Shortly
after getting the youth group off the ground in the fall of 1966, I got a call
from Miss Anderson, Youth Conference faculty leader at Canadian Bible College.
She called about Bible quizzing. She wanted to try the quiz program and see
what would happen, but she was trying to make sure there would be some teams. Could she count on me? I
had worked with her on Youth Conference for three years and we had talked about
the program in the past. I think I was one of the only students with some
background in Bible quizzing. Ut was pretty much and American thing. I had quizzed with youth for Christ my last two
years of high school. I was the stop quizzer in the state my senior year.
I
am not sure when it occurred, but Youth For Christ had closed down the quiz
program and several denominations liked it so much they were starting their own.
Miss
A’s sister was Mavis Weidman, the International Director of Christian Education
for The Christian and Missionary Alliance and she was hoping to launch the
program throughout the two countries at their big youth LIFE conference in the
summer of 1967. This was going to be a test run. Who better to test the
program than her sister? With no background, they were simply going to follow
the old YFC program. I did know that one pretty well.
My
first goal was to put a team together. I needed five, and one had to be of the
opposite sex. I picked up Bob Peters and Rick Hindmarsh
first, both very bright guys. Larry Clark came on board and I had talked Judy
Friesen into it, but she was very busy and struggled. But she was determined to
help get a youth program off the ground and as a senior was willing to just sit
with the team if it would help. It did. I still needed one more person. I knew
I could not just make an announcement; I was going to have to recruit
personally.
Holden
Bowker’s mother had come to visit me at the church to recruit me to pray with
her that ten students would go from our church to Bible College. She was
burdened that few University Drive kids were preparing for ministry. Of course,
she talked about what a talented and brilliant student her third son was and wanted
to see him have a deeper connection to the church. I told her about my quizzing
call and she directed me to Holden. He was a winner. He was bright, aggressive
and determined. He had a real desire to win and had the skills to do it. He also liked to challenge questionable answers and was good at it if over done at time.
Those
first years were very primitive compared to the mechanics of later years.

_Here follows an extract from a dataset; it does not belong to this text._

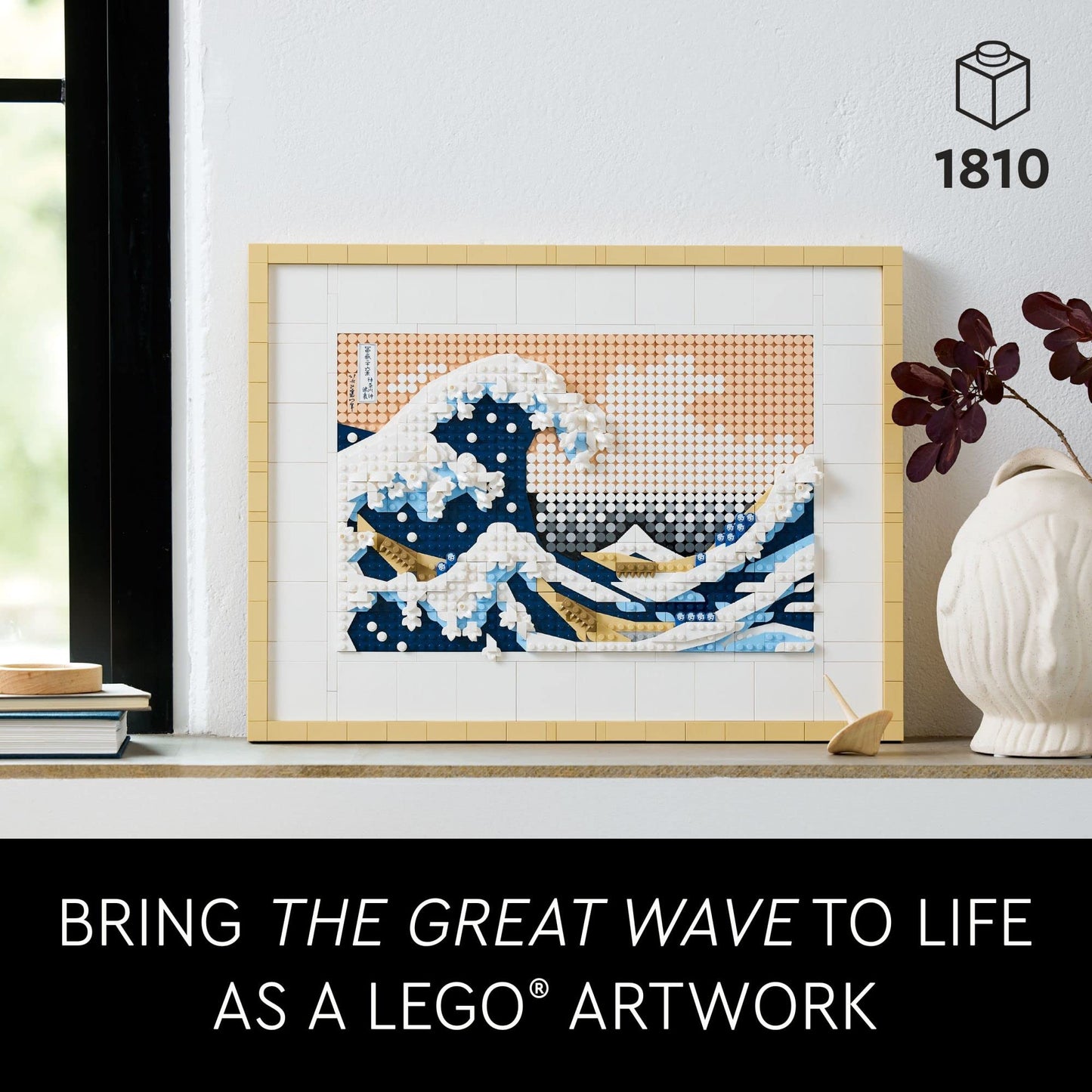 LEGO Art Hokusai – The Great Wave, 3D Japanese Wall Art, Framed Ocean Canvas Picture for Home or Office Décor, Creative DIY Activity, Arts & Crafts Kit, Hobbies for Adults, 31208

Besides a quizmaster, a scorekeeper worked by hand and announced the score
from time to time, and there were jump judges. There were suppose to be three, but
often finding one was a challenge. They would try and watch all twelve quizzers
at the same time and determine who jumped first. Three teams of four each competed at one time.
Quizzers
had their little tricks to win the jump. Although it was supposed to be about
who got their rear off the chair first, the most flamboyant jumper usually won.
To jump high and throw your arms wildly around was a wining distraction. Drawing attention often worked. We
won at Youth Conference in 1967. Because of a small interest and travel there
was no separate district competition that I recall. All teams from our district
were at that conference and it served as our district championship. There was
no separate national competition. Instead each district was invited to come to
LIFE '67 at Estes Park that summer to compete for a "national title."
There were only a few districts that came, most quit inexperienced. The
toughest competition came from of Tenth Avenue in Vancouver and Western
Pennsylvania. Out first year, we quizzed on the book of Acts. Both the other
teams had former Youth For Christ quizzers as their coaches and they knew what they
were doing. They both out coached me and their teams were sharp. We placed
third.
Mrs.
Weidman loved the results and planned for nationals the next year. 1968. It was
at St. Paul - sort of the middle of the country. The teams were the same and
they beat us again. What were new to us were electronic quiz seats and a big
beautiful scoreboard. We were in awe. Throwing your arms in the air no longer
worked. Just getting off the seat was the key. Jumps became smaller, tighter
and less obvious. Some didn’t even look like they jumped. We placed third on
the book of John.
Bert
was from Ohio I believe. He brought all that quiz equipment out in his big
black hearse. He was such a delightful guy and always cheerful and helpful. He
let us all practice as needed to adjust to the technology. My team was still
pretty wild in their jumps. However, Western PA had the advantage. They had
Bert and his equipment at their district championships.
We
went right home and commissioned an electrician to make us a set. He did and
they worked, but they were about 1-1/2 inches thick and very uncomfortable. We
would be competitive the next year.
In
1969 they had a plan to get more teams at nationals by setting up regional
competitions first. In our case, that was also at St. Paul. So we took our
church team and a district team. No one expected that one district would
qualify the top two teams. We did. There was a great deal of debate about how
to organize the teams. They wanted to include as many churches as possible and
my selfish side was that I only believed that our church team could win. I knew
we would be up against Vancouver again and did not know how we would ever pull
a district team together for practice. So we did both. We held practices
in Saskatoon and those from other cities came when they could. The big winner
was Tom Vincent from Outlook. He made all the practices and was a great
quizzer.
1 comment:
Bert & Bernice, and their custom-made seats & scoreboard, continued to appear at Internationals. I believe Bert's last year was 1990, and Bernice then stopped attending in the mid-90's.